Task objective.
Repeat word for word everything from the line containing "黄色と紫の花畑 東浦町 兵庫県" to the end of the listing, first and last lines included, and only that.

Data for processing.
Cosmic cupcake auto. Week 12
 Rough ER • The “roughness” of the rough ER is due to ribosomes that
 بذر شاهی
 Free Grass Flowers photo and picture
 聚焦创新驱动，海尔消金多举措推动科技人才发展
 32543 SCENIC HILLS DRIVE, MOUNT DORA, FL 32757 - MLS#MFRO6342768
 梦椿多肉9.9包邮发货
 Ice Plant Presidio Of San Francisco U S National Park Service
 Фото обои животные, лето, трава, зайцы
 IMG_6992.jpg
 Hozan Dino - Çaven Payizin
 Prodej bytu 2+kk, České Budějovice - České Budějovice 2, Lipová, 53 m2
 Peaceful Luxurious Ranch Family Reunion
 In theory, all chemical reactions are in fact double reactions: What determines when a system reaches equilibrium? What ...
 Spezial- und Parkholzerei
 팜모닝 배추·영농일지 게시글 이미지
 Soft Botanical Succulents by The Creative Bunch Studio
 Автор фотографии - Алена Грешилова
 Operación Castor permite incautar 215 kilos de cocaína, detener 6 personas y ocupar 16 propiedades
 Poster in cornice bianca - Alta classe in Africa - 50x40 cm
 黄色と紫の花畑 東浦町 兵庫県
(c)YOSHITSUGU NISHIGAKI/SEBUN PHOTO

Expected output.
 黄色と紫の花畑 東浦町 兵庫県
(c)YOSHITSUGU NISHIGAKI/SEBUN PHOTO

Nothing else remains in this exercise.